Il n’y a pas si longtemps encore, les membres du gouvernement misaient pourtant sur la pédagogie pour tenter de convaincre les Français des bienfaits de la réforme. Mais au fil des semaines et des arguments déployés, l’opposition au texte n’a cessé de grimper dans les enquêtes d’opinion, compliquant la tâche des élus macronistes en circonscription. « Les retours de terrain sont mitigés… Comme on a fait le choix de ne faire qu’un texte d’équilibre budgétaire, c'est plus compliqué à défendre. Allez vendre aux gens qu’il faut travailler plus pour combler le déficit. Il n’y a rien à gagner sur ce dossier, on est face à un mur », soupire une députée Horizons, proche d’Edouard Philippe. « Ce n’est pas forcément une réforme juste mais une réforme qui tend à moins d’injustices. On aurait plutôt dû la présenter comme ça dès le départ », ajoute une élue macroniste qui, comme plusieurs de ses collègues, critiquent en creux l’argumentaire gouvernemental des premières semaines.
« Ce n’est pas la réforme idéale, car notre système est en déficit. Et elle n’est pas simple à expliquer car les gens nous interrogent sur leur cas précis : Qu’en est-il de ma retraite ? Et celle de ma mère, et celles de mes filles ? », égrène Caroline Abadie. La députée Renaissance de l’Isère dit toutefois avoir fait le job, mais sans aller jusqu’à organiser des réunions publiques. « Si j’en fais une, on va me la pourrir… Mais j’ai fait mon service minimum en distribuant des tracts sur le marché de Vienne, les discussions étaient intéressantes, même avec les opposants. On a tout intérêt à expliquer au maximum ce qu’il y a dans le texte », dit-elle.

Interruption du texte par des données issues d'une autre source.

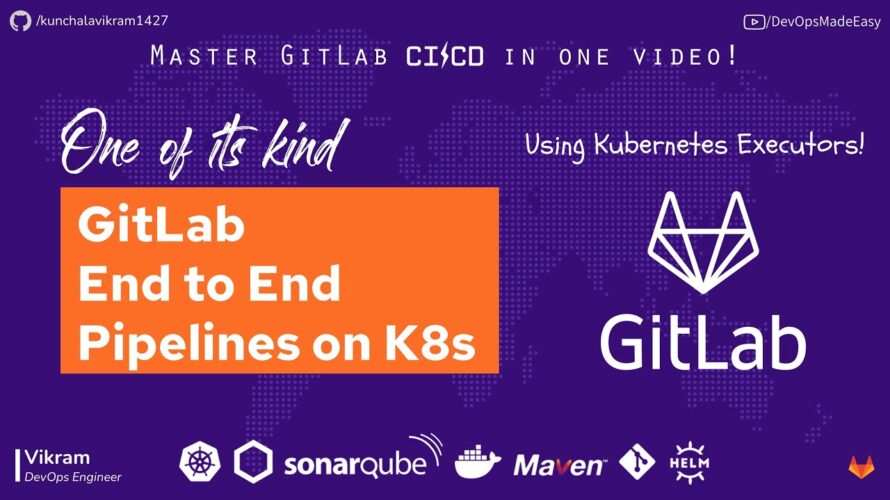 GitLab End to End Pipelines on Kubernetes with Maven, Nexus, SonarQube, Kaniko & Helm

« Si j'organise une réunion publique, je suis bordélisé »
Depuis le début de l’année, de rares ministres ont tenu des meetings pour vanter le projet de loi mais les soirées de ce type n’ont pas fait florès chez les macronistes. « C’est impossible de faire une réunion publique sur les retraites, ce serait le bordel assuré », balaie Erwan Balanant, député MoDem du Finistère. Un député Renaissance fait le même constat, évoquant le contexte social inflammable. « Vu l’excitation d’un certain nombre de personnes en ce moment, si j'organise une réunion publique, je suis bordélisé instantanément. J'ai trente mecs qui rentrent dans la salle, avec mégaphone, sirène et fumigène, et qui me sabotent la soirée. » Ce cadre du parti présidentiel évoque notamment les coupures d’électricité revendiquées par la CGT contre plusieurs permanences d’élus Renaissance favorables au texte.

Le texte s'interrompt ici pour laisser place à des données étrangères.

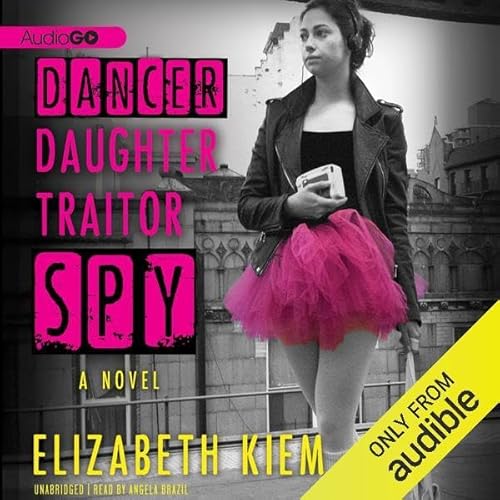 Page de couverture de Dancer, Daughter, Traitor, Spy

La députée Horizons déjà citée évoque les consignes de sécurité émises par les pouvoirs publics, notamment le jour des manifestations. « On a été contactés par nos préfets pour nous prévenir des dispositifs mis en place autour des permanences et des domiciles et nous dire de ne surtout pas hésiter à faire remonter tout problème », dit-elle. La grande « mobilisation » dont rêvait Emmanuel Macron le 11 janvier dernier pour « expliquer aux Français très concrètement » les enjeux du texte n'a donc pas eu lieu. Les mauvaises langues diront que le chef de l'Etat, lui-même, s'est montré plutôt discret.